Community Health Systems (CYH) faces a unique combination of company risks in addition to the industry-specific risks of the hospital industry. Investors are exposed to these industry-specific risks when they invest in the Healthcare Select Sector SPDR ETF (XLV).
Community Health Systems’ operations concentrate mainly in non-urban markets, with a few operations in select urban markets. LifePoint Hospitals (LPNT) is another major player in the non-urban market. Both these companies face the risk of a higher proportion of uninsured patients as a percentage of their total patients.
Community Health Systems’ operations concentrate in Texas, Pennsylvania, and Indiana, all of which have opted out of Medicaid expansion. According to the US Census Bureau, the average uninsured rate in 2013 in the US was 14.5%. Texas had one of the highest uninsured rates in the country, at 22.1%, and led to higher bad debt expenses for the company.
Post-merger integration risk
Community Health Systems acquires hospitals in non-urban and selected urban markets as part of its competitive strategy. In 2013, the company acquired Health Management Associates at a total price of $7.6 billion. In case of absence of cost savings and efficiencies in operations and cultural clashes in the workforce of the two companies, Community Health Systems will suffer losses that will be detrimental to its shareholders.
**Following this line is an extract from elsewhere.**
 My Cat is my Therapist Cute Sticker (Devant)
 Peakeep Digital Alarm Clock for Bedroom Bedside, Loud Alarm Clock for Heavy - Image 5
The company’s peer, Tenet Healthcare (THC), is also exposed to a high degree of post-merger risk, as it completed a $4 billion acquisition of Vanguard Health Systems in 2013.
Community Health Systems will have to pay penalties and compensations in various legal matters regarding payment issues for Medicare and Medicaid services from itself and LifePoint prior to the acquisition. These could severely affect the company’s profitability. As of September 2014, the total value of the liability arising from LifePoint legal matters is about $291 million. In 2012, a peer of the company, HCA Holdings (HCA), also faced penalties worth $1.7 billion for legal matters related to unnecessary cardiac procedures performed by the hospital.